Islay Single Malt Whsky
54.7% abv
+/- £1000
+/- $1200 (USD)
I featured Ardbeg twice in the first month of this malt mission over four years ago and I am fortunate enough to get to taste this piece of history in the run-up to Malt Mission #400
Bottled in 1998, this is the US edition of the legendary Ardbeg Provenance series (geeky bits HERE) that reportedly made people shit their pants upon first tasting it. Seriously, this is a story that has been relayed to me by an enthusiast and I cannot think of any reason why someone would lie about doing such a terrible thing to their Joe Boxers. And soiling oneself is a pretty good reassurance to the naysayers that the Glenmorangie takeover in 1997 was going to be a very good thing, if sometimes requiring a change of underwear.

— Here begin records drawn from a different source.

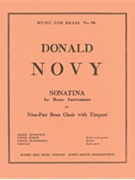 Sonatina (ensemble-brass 8 Or More) by Novy Donald for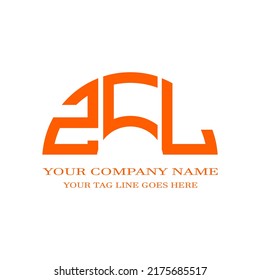 ZCL letter logo creative design with vector graphic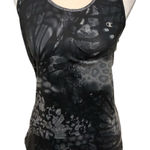 Champion  Women's Black and Gray Patterned Tank Top Excellent Condition Photo 0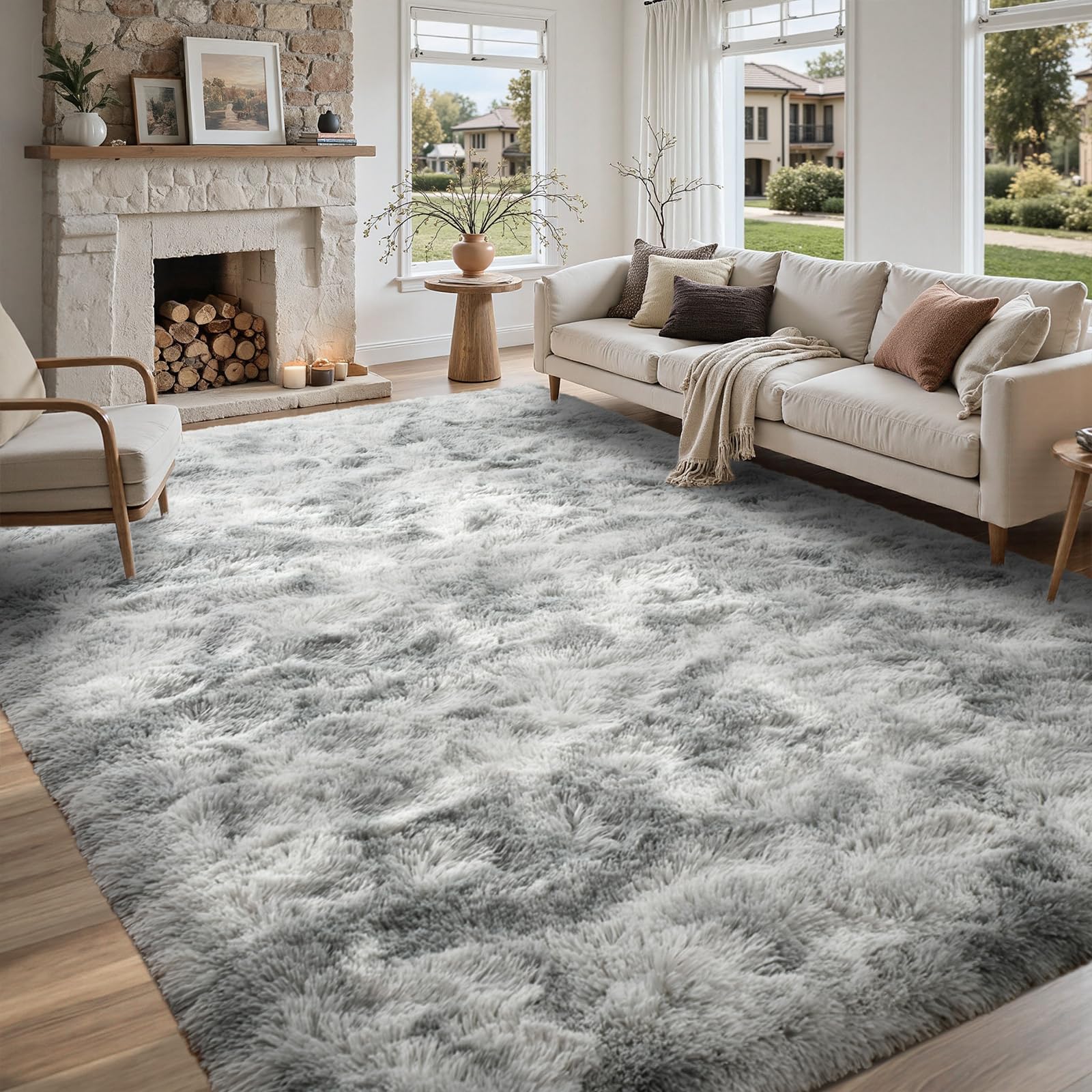 Tapis pelucheux moderne pour chambre d'enfant et salle de jeux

Ardbeg is probably the king of the cult distilleries in terms of attracting the most diehard fans and quasi-religious followers. They have the Ardbeg Committee, they have dedicated fan sites (Tim's Ardbeg Project), and past bottlings have, as noted above, made grown men shit their pants.
I was fortunate enough to be on Islay recently and distillery manager Mickey Heads explained to us how many people spend the night at the distillery to be sure to get Feis Ile bottles (and sell them online?) the following morning. Now, I love whisky, and I really like Ardbeg, but sleeping over in Islay rain?
Finally, a big thanks must be extended to the amazing Jazz Dentist. Not only did Peter set aside a sample when I last visited Dram Central Station before leaving New York, but he had prepared it in a wee bottle to take home for my wife, the Ardbeg freak of this family. I hope he won't mind me saying that he has also undergone his last chemo treatment and is that much closer to his dram to celebrate THE END of what he calls "this whole business."
Whatever drop you choose, Peter, may it taste not of heaven, but of earth.
For more distillery info, or to see all Ardbeg whiskies tasted since the beginning of this blog, click HERE.
TASTING NOTES:
All the sweetness of aged quality ex-bourbon casks emerge first, coconut shavings, marshmallow, coffee cake, vanilla custard, followed by the expected tide of magic markers, latex, plasticine, fishtanks, and finally, algaic peat, but maintaining a creamy sweetness throughout.
A tease of brown sugar before an strange brew of cocoa, smoke, mustard and toffee. Otherworldly flavour development. Oh my. Just sinking its nails into my cheeks with peach, honey, barbecue sauce, and salty tears. May these sensations never end.
SUMMARY:
A big whisky for a big occasion. A liquid that today might be underappreciated quaffed over the Ardbeg stand at some FEST or LIVE or MESSE, where superficial impressions make lasting ones. This whisky is really all about a complexity that only makes itself known with patience, attention, and respect. Respect your whiskies this dramming season be it at Limburg, WhiskyFEST Chicago, or Spirit of Toronto. Thanks again, Peter.